When ranked by assets held, the mutuals operating in the banking and finance sector topped the list (more than AUD 84 billion).
“If Australia had a ‘ninja’ economy it would be the mutual economy. Member owned businesses excel in their chosen area of the market economy but the sector is largely unseen,” said Melina Morrison, CEO of the Business Council of Co-operatives and Mutuals.
The role of cooperatives and mutuals in a sustainable economy is starting to become part of mainstream Government thinking. A Sector Blueprint was also launched at the Summit, calling on all political parties in Australia to sign up to a Mutuals Charter ensuring government policies do not neglect or prejudice the contribution of cooperative enterprise. The Blueprint is endorsed by the country’s leading cooperative and mutual organizations.
The Summit brought together chief executives, directors and senior management from leading Australian cooperatives and mutuals as well as thought leaders from the broader business community.
A number of CEO dialogues took place which were high level roundtable discussions, stimulating strong debate about issues that challenge our economy and businesses daily. One such dialogue featured an opening statement by ICMIF’s Senior Vice-President for External Relations, Liz Green in a session on “Marketing mutuality: brand advantage or brand damage?” In this sell-out session participants discussed whether the mutual sector has been quick enough to trumpet its comparative advantage, to measure innovation and embrace its marketing point of difference with the question raised “Can mutuality be marketed?”
Green made reference to ICMIF’ exclusive Global Reputation Report which examined people’s perceptions, sentiments towards and conversations about cooperative/mutual insurers and their competitors.
Speaking about the report, Green said “With global consistency, cooperative and mutual insurers are considered to have well-balanced financial, governance, environmental and social values and that the sector is associated with values associated with sharing profits, sustainability and the long-term. There are however regional variations, with mutual insurers closely associated with sharing profits in developing economies, and associated with taking a long-term approach in the developed economies.

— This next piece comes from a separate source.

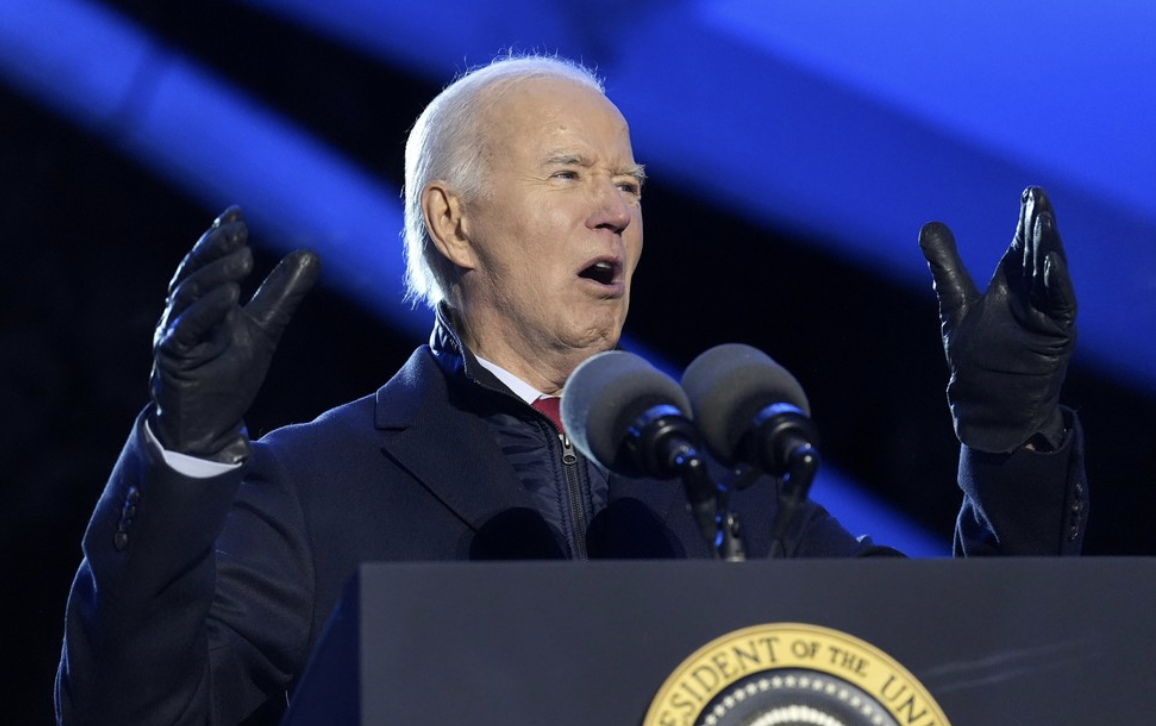 Aged Biden speaks outside in the cold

“As a result of this report ICMIF has shifted its strategy to address the issues of global awareness and messaging about the mutual business model. It has pledged to increase the global sector’s total digital content from 14.4 per cent to 20 per cent by 2020.”
* The top 100 data is drawn directly from a study commissioned by the Business Council of Co-operatives and Mutuals and undertaken by the University of Western Australia (UWA): Australia’s Leading Co-operative and Mutual Enterprises 2014 [PDF] published by UWA as a standalone publication.